Preferably, steps (c) and (e) are continued to establish fluid
communication between the injection well and the offset well and
then the offset well is converted to production. Steam-assisted
gravity drainage procedure is continued with the offset well being
operated under steam-trap control to produce part or all of the
draining fluid.
The invention utilizes the discovery that practising SAGD and huff
and puff contemporaneously at laterally spaced horizontal wells
leads to faster developing fluid communication between the two well
locations. When SAGD and huff and puff are practised at relatively
low and high pressures, there is a greater tendency for the huff
and puff steam chamber to grow toward the SAGD steam chamber during
the injection phase at the third well. During the production phase
at the third well, the injection pressure at the SAGD pair
preferably may be increased (while keeping it at less than fracture
pressure) to induce lateral growth of the SAGD steam chamber toward
the third well.
The invention further utilizes the discovery that:
if SAGD and huff and puff are practised contemporaneously using
horizontal wells at laterally spaced locations; and
if the huff and puff well is converted to fluid production under
steam trap control when fluid communication has been established
between the locations;
then more extensive heating of the lower reaches of the reservoir
between the locations may be achieved. This leads to greater oil
recovery.
The expression "contemporaneously" as used herein and in the claims
is to be interpreted to encompass both: (1) simultaneously
conducting SAGD and huff and puff steam injection at the two
locations; and (2) intermittently and sequentially repetitively
conducting SAGD steam injection at the first location and then huff
and puff steam injection at the second location, to minimize
required steam production facilities.
In another preferred feature, at the stage where fluid
communication between the injection well and the offset well have
been established and SAGD is being practised using all three wells,
a small amount of nitrogen or methane could be injected with the
steam. We contemplate using about 1-2% added N.sub.2 or CH.sub.4
gas. It is anticipated that the added gas will accumulate along
chamber surfaces where there is little liquid flow to the producing
wells, to thereby reduce heat loss.
It is further contemplated that the invention can be put into
practice in a staged procedure conducted across a reservoir by: (a)

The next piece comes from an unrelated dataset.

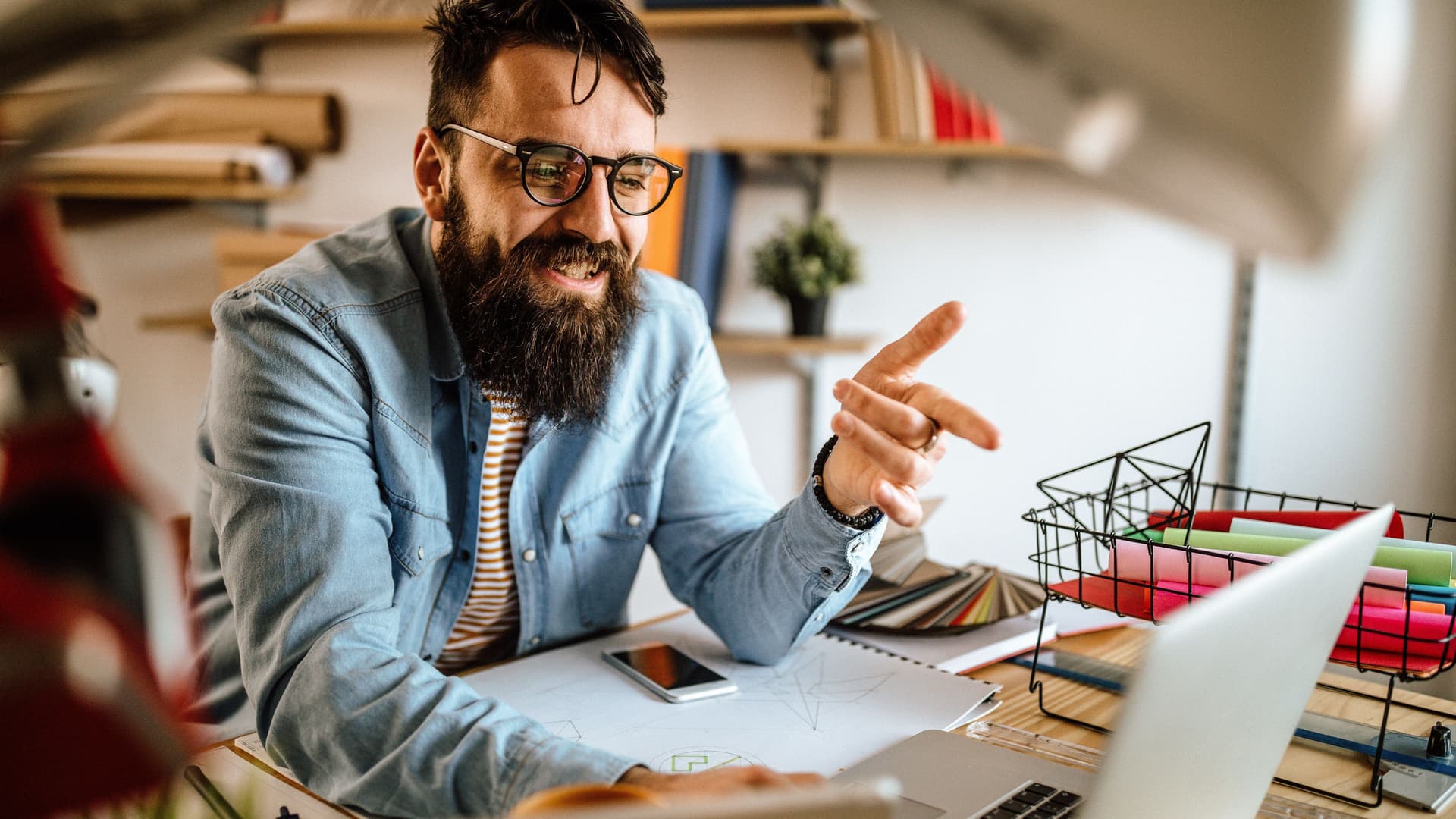 Foto eines lächelnden Mannes, der mit dem Finger auf einen aufgeklappten Laptop in einem Büro zeigt.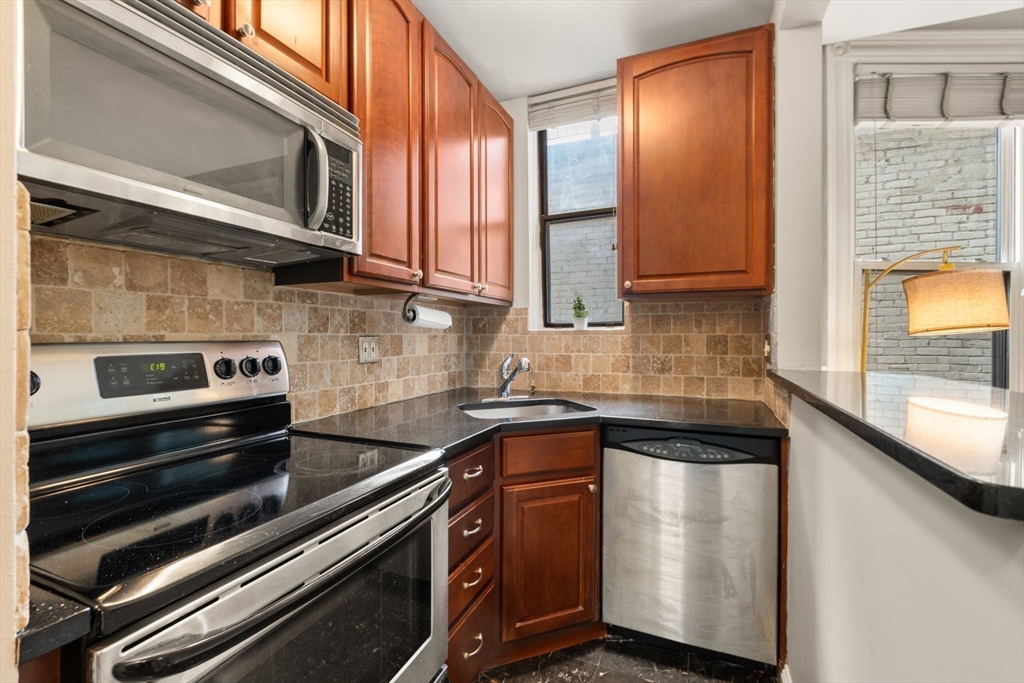 362 Commonwealth Avenue, Unit 6D Boston, MA 02115 - Photo 3 of 15 a kitchen with a stove microwave and sink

contemporaneously practising SAGD at a first location and huff and
puff at a second laterally spaced location until fluid
communication is established; (b) then practising SAGD alone at the
first pair, with the third well at the second location being
produced; (c) providing SAGD wells at a third location laterally
spaced from the second location; and repeating steps (a) and (b) at
the second and third locations and repeating the foregoing
procedure to incrementally develop and produce the reservoir.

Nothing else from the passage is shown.